How to make seitan sausages

Step 1 – Add water, oil, soy sauce, salt, and spices to a saucepan and heat until it starts to boil, then turn off the heat and allow it to cool for about 10 minutes.

Step 2 – Press 1/2 a block (7 oz.) of tofu and crumble it into a food processor or blender, then pour in the spiced broth.

Step 3 – Blend until it turns into a creamy thick liquid, then pour into a glass mixing bowl.

A collage of four images showing the process of making a broth, blending it with tofu, and pouring it into a glass bowl to make vegan sausage.

Step 4 – Add 1 cup of vital wheat gluten and mix well until a thick dough forms.

Step 5 – Add another 1/3 cup of vital wheat gluten and knead it into the dough until all of the wheat gluten has been absorbed and no longer feels wet.

Step 6 – Form the dough into the shape of a sausage, and wrap the sausage tightly in foil twisting the ends to hold it in place.

A collage of 4 images showing the steps of adding gluten flour to the tofu and broth and kneading into a dough before shaping it into a sausage shape and wrapping it in foil.

Step 7 – Steam the wrapped sausages in a large pot with a steamer basket for 45 minutes. (You can also use a pressure cooker or Instant Pot.
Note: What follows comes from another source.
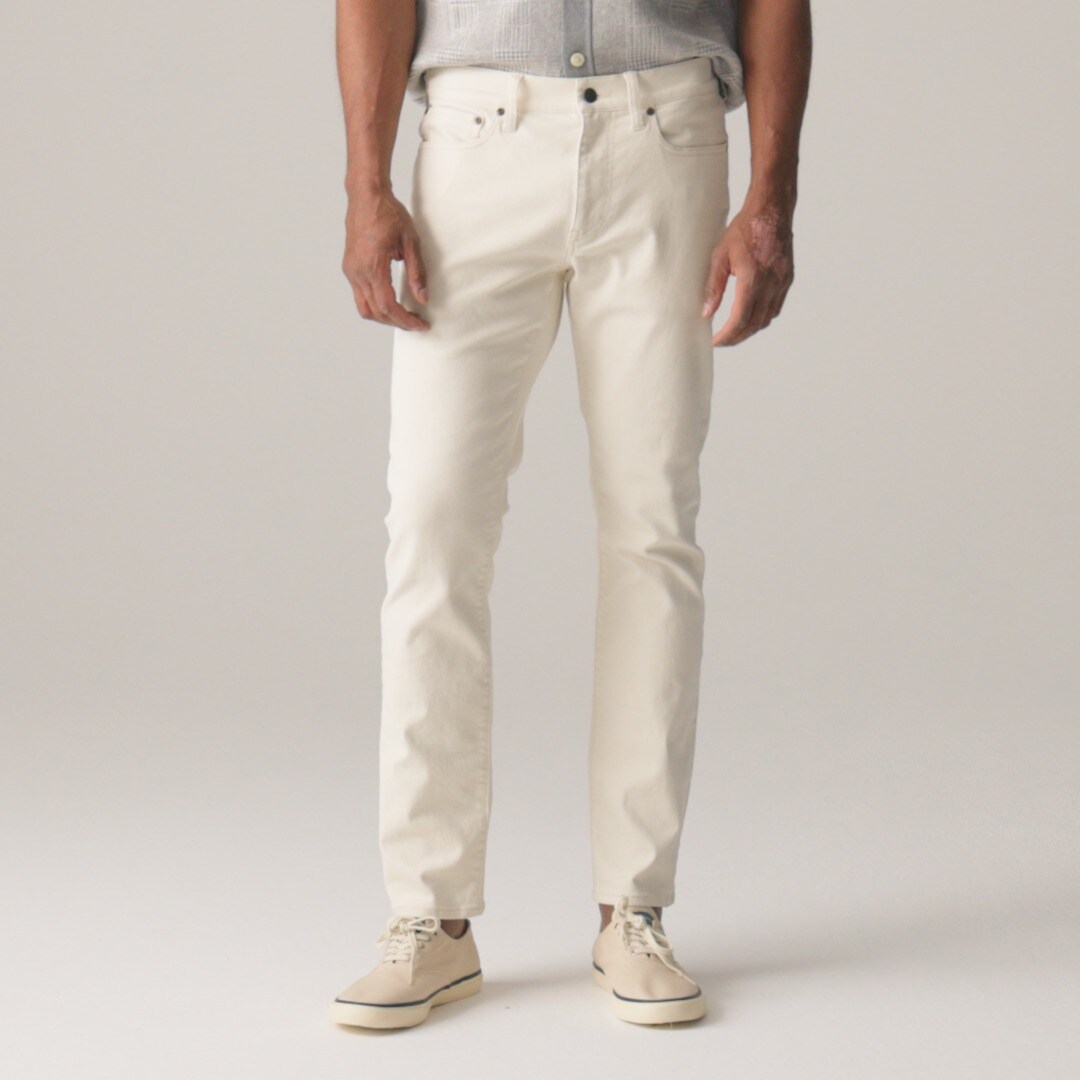 770&trade; Straight-fit Bergen five-pocket pant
Cook under pressure for 30 minutes and then allow steam to release naturally.)

Step 8 – Take them out of the pot with tongs and allow them to cool for about 10 minutes before opening the packets. (I always get too excited to see my sausages and get burnt with the steam when I open the foil too soon.)

Step 9 – At this point, they are ready to eat, or you can grill or fry them. You can also cut them up and add them to your favorite Italian meals.

Pro Tips

  • Use a glass bowl and a silicone spatula to mix your seitan.  Vital wheat gluten is very sticky once it gets wet and will stick like glue to a plastic bowl or a wooden spoon.
  • Be sure to press the tofu well to get out as much liquid as possible.  I like to cut the block into quarters and squeeze it with my hands like I’m packing a snowball over the sink to get out all the excess water.
  • Wheat gluten is a very fine powder that will get everywhere if you are not careful with it.  Pour it low down and slowly over the tofu mixture so it doesn’t splash out of your bowl.
  • Knead the seitan until all of the gluten flour is incorporated and you have a dough that’s a little firmer than you would have for bread. Only knead it for about 30- 60 seconds so your wheat meat doesn’t get too chewy.

Forming the sausages

  • If you want perfectly formed sausages, wrap the dough in the desired shape in plastic wrap and allow it to rest for 30 minutes before taking off the plastic and wrapping it in foil.
  • If you don’t want the foil to touch your food, you can wrap the sausage in parchment paper first, and then wrap the foil around that.
A pile of seitan sausages on a white plate with a fork in one of them.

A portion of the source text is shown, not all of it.